* [DATA]:
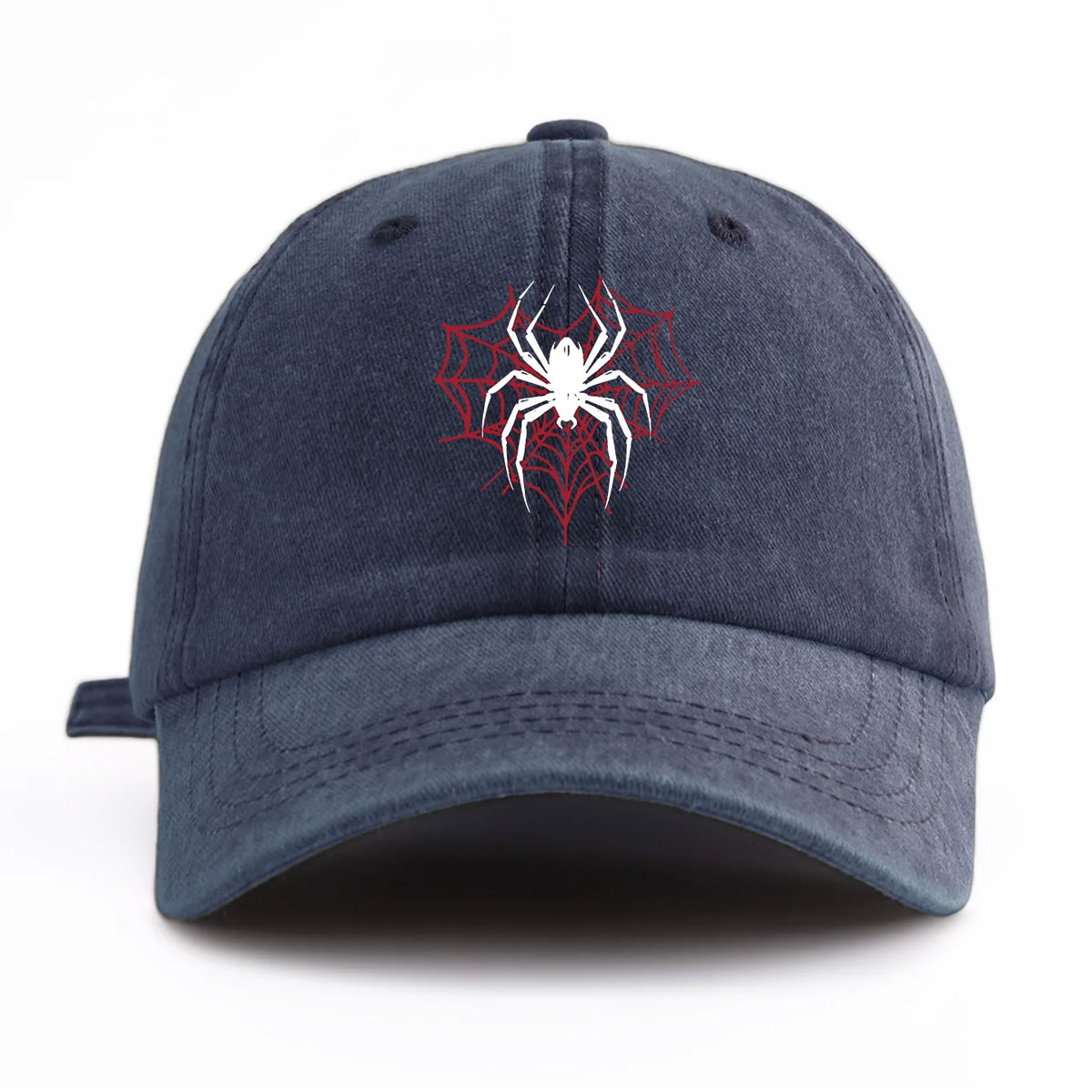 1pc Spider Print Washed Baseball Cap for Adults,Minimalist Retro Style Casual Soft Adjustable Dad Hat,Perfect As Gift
--
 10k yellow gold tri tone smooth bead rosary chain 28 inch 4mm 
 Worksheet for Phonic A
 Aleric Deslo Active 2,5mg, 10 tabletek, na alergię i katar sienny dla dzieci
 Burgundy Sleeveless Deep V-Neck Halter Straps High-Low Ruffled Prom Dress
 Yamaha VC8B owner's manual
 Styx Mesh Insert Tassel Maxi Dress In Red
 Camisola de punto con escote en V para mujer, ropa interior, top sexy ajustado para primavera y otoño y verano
* * *
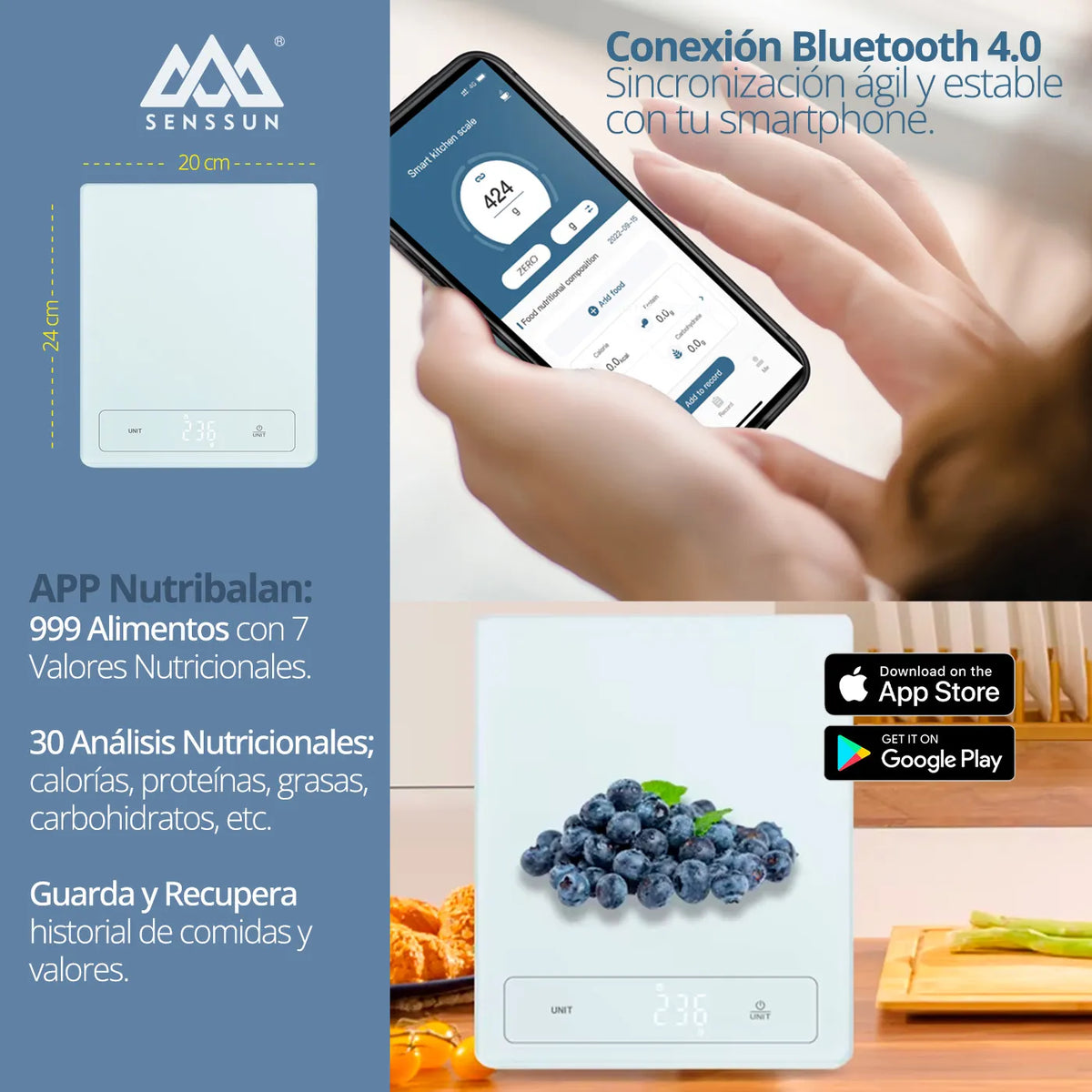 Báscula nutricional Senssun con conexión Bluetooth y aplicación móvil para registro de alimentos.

* [EXERCISE PROMPT]:
Your answer should consist solely of the lines above from the line with "Styx Mesh Insert Tassel Maxi Dress In Red" to the line with "Camisola de punto", both included, reproduced exactly.

* [ANSWER TO THE EXERCISE]:
 Styx Mesh Insert Tassel Maxi Dress In Red
 Camisola de punto con escote en V para mujer, ropa interior, top sexy ajustado para primavera y otoño y verano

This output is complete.